Scraped caption text data:
- - -
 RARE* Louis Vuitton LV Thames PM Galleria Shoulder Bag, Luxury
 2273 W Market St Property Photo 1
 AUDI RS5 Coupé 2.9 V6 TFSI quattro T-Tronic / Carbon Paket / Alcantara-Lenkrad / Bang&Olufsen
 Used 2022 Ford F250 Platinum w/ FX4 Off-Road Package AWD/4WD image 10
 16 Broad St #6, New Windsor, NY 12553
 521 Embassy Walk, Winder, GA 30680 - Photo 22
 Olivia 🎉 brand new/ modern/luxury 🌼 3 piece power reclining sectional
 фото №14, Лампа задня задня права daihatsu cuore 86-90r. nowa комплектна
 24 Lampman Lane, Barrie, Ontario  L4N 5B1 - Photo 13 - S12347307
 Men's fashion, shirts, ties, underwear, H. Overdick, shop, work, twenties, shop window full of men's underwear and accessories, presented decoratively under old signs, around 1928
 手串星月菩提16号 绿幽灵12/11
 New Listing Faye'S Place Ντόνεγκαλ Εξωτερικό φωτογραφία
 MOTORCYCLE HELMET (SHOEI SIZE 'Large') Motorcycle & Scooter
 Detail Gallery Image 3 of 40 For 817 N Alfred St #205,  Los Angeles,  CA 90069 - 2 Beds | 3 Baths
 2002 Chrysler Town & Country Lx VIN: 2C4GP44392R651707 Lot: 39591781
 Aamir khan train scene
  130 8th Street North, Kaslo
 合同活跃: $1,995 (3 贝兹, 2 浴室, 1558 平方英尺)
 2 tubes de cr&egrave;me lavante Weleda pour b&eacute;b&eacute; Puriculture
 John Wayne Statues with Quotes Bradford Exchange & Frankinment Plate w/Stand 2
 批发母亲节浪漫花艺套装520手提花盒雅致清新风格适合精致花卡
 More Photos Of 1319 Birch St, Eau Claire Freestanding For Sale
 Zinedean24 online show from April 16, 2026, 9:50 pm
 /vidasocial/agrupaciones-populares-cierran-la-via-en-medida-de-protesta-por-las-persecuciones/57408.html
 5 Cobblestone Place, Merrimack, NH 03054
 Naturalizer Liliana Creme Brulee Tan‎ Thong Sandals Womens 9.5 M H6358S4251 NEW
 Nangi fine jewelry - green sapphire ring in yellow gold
- - -
== Activity ==
The answer must be a word-for-word restatement of the records.

== Answer to this exercise ==
 RARE* Louis Vuitton LV Thames PM Galleria Shoulder Bag, Luxury
 2273 W Market St Property Photo 1
 AUDI RS5 Coupé 2.9 V6 TFSI quattro T-Tronic / Carbon Paket / Alcantara-Lenkrad / Bang&Olufsen
 Used 2022 Ford F250 Platinum w/ FX4 Off-Road Package AWD/4WD image 10
 16 Broad St #6, New Windsor, NY 12553
 521 Embassy Walk, Winder, GA 30680 - Photo 22
 Olivia 🎉 brand new/ modern/luxury 🌼 3 piece power reclining sectional
 фото №14, Лампа задня задня права daihatsu cuore 86-90r. nowa комплектна
 24 Lampman Lane, Barrie, Ontario  L4N 5B1 - Photo 13 - S12347307
 Men's fashion, shirts, ties, underwear, H. Overdick, shop, work, twenties, shop window full of men's underwear and accessories, presented decoratively under old signs, around 1928
 手串星月菩提16号 绿幽灵12/11
 New Listing Faye'S Place Ντόνεγκαλ Εξωτερικό φωτογραφία
 MOTORCYCLE HELMET (SHOEI SIZE 'Large') Motorcycle & Scooter
 Detail Gallery Image 3 of 40 For 817 N Alfred St #205,  Los Angeles,  CA 90069 - 2 Beds | 3 Baths
 2002 Chrysler Town & Country Lx VIN: 2C4GP44392R651707 Lot: 39591781
 Aamir khan train scene
  130 8th Street North, Kaslo
 合同活跃: $1,995 (3 贝兹, 2 浴室, 1558 平方英尺)
 2 tubes de cr&egrave;me lavante Weleda pour b&eacute;b&eacute; Puriculture
 John Wayne Statues with Quotes Bradford Exchange & Frankinment Plate w/Stand 2
 批发母亲节浪漫花艺套装520手提花盒雅致清新风格适合精致花卡
 More Photos Of 1319 Birch St, Eau Claire Freestanding For Sale
 Zinedean24 online show from April 16, 2026, 9:50 pm
 /vidasocial/agrupaciones-populares-cierran-la-via-en-medida-de-protesta-por-las-persecuciones/57408.html
 5 Cobblestone Place, Merrimack, NH 03054
 Naturalizer Liliana Creme Brulee Tan‎ Thong Sandals Womens 9.5 M H6358S4251 NEW
 Nangi fine jewelry - green sapphire ring in yellow gold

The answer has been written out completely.